The students, many of them studying to be engineers and scientists, went there to watch a rocket launch that would send a small 4.8-pound robotic rover they had helped build on its journey to the moon. Afterward, they hoped to have time for some sun and fun, renting a large house just three blocks from the beach.
Their trip, however, did not go as planned.
The rover, named Iris, headed toward the moon on schedule in a perfect inaugural flight of Vulcan, a brand-new rocket. But the spacecraft carrying the rover malfunctioned soon after and the students turned their rental house into a makeshift mission control as they improvised how to get the most out of the rover’s doomed journey.
“We had a mission,” said Connor Colombo, the chief engineer for Iris. “It wasn’t the mission we thought. And in fact, maybe that made it more interesting because we had to do a lot of thinking on our feet.”
The Vulcan rocket lifted off on January 8. Aboard was Peregrine, a commercial lunar lander built by Astrobotic Technology of Pittsburgh. It was the first American spacecraft launched in more than 50 years with the aim of gently setting down on the moon’s surface.

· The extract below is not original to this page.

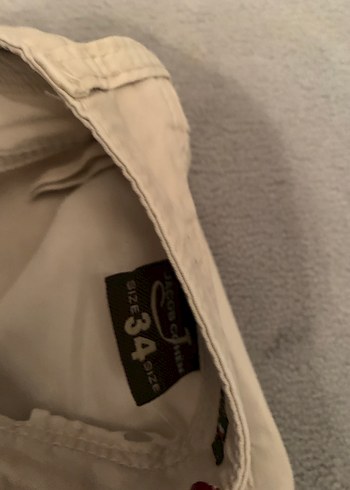 Bej Pamuklu Erkek Rahat Kesim Pantolon,orjinaldir - Görsel 4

And aboard Peregrine was Iris, about the size of a shoe box and designed and built by the Carnegie Mellon students. It was one of the payloads on this robotic mission; Astrobotic’s main customer was Nasa, which was sending several experiments as part of the preparations for sending astronauts back to the moon.
For the students, the trip to Florida was supposed to be an entertaining lull during winter break to celebrate that Iris, after years of effort and waiting, was finally heading into space.
Iris started in 2018 as an undergraduate class of Red Whittaker, a professor of robotics at Carnegie Mellon. He gave the students an assignment: put a tiny rover on the moon.
Successive classes of students devised and revised the design, then built and tested the rover. Other students trained to work in mission control. After a succession of delays, the Vulcan rocket finally made it to the launchpad in January.
Some of the Carnegie Mellon students flew to Florida. Others travelled via van, driving nearly 1,000 miles. Some former students who had worked on the rover also made the pilgrimage.
The Vulcan rocket lifted off without incident. Less than an hour later, Peregrine separated from the rocket’s upper stage on its way to the moon. But soon after, Astrobotic announced on X, formerly known as Twitter, that “an anomaly occurred”.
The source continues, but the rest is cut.